▶ About this exercise
Copy each line from the entries that the word "Nissan" appears in.

Records excerpted from a collection:
┌──

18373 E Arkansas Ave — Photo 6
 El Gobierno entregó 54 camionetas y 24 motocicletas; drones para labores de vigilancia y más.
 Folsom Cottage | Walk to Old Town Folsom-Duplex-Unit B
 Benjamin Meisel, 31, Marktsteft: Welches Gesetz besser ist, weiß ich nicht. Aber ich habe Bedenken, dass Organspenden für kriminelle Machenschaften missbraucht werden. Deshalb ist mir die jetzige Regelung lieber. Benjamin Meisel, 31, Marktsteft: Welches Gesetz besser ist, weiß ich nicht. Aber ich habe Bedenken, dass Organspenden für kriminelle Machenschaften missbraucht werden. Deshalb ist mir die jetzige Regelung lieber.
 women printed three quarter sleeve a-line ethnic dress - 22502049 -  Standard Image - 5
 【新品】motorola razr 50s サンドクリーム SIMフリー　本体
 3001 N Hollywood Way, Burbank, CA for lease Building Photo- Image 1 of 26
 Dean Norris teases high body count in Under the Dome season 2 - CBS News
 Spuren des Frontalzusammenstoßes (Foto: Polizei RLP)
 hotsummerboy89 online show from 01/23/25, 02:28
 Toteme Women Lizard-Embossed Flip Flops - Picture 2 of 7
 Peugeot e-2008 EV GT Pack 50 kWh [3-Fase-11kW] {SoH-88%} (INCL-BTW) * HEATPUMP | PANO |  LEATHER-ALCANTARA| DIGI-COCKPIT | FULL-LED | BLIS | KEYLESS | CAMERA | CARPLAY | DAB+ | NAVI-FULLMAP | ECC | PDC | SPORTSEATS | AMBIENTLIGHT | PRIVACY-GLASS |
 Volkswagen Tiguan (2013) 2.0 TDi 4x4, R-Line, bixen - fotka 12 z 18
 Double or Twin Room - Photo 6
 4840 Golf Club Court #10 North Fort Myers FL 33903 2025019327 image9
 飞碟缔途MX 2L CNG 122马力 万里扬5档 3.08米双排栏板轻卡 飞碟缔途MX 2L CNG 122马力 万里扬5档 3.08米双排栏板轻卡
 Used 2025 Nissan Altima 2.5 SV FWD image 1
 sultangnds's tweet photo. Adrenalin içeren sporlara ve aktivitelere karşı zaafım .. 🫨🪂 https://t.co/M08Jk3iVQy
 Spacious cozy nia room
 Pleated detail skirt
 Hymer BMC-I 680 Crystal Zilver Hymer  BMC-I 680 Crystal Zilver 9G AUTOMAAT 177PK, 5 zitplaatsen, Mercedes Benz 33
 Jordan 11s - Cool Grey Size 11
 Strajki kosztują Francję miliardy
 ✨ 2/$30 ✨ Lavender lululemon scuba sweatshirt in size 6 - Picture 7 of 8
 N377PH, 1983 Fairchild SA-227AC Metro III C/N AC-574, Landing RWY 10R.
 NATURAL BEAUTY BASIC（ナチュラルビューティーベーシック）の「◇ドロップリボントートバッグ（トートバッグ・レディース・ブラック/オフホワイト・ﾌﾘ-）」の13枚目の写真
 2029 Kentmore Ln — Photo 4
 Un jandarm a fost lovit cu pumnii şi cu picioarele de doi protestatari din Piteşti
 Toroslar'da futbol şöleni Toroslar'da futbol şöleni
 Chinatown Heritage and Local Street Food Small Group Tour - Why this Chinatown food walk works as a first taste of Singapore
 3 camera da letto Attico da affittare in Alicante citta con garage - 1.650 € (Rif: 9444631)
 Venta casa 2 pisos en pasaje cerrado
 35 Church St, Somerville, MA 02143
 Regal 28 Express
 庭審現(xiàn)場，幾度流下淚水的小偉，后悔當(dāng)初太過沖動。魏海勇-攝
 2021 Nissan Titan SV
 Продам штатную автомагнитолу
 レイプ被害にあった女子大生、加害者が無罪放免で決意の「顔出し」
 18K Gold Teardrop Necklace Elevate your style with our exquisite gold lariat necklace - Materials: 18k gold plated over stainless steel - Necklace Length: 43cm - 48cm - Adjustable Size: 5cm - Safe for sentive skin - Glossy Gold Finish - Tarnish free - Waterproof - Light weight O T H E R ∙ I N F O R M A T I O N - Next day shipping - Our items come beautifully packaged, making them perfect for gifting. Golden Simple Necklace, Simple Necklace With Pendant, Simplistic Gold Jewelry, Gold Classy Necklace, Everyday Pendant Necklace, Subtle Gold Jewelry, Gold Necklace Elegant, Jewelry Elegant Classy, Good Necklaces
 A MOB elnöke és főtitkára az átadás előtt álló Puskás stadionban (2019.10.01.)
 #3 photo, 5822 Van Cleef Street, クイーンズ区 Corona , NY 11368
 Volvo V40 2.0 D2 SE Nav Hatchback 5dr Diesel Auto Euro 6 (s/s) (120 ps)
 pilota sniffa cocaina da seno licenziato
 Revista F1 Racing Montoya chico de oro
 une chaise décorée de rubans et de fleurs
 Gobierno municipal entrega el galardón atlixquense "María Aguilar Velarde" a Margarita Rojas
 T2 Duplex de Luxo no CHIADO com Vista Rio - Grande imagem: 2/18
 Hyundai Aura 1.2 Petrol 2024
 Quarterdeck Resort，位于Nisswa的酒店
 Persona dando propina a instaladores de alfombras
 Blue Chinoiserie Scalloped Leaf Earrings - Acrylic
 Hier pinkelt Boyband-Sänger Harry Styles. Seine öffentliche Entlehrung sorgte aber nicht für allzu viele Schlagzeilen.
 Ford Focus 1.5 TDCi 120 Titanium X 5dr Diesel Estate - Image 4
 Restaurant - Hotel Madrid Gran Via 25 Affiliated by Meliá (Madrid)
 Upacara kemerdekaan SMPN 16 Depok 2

└──

▶ Response
 Used 2025 Nissan Altima 2.5 SV FWD image 1
 2021 Nissan Titan SV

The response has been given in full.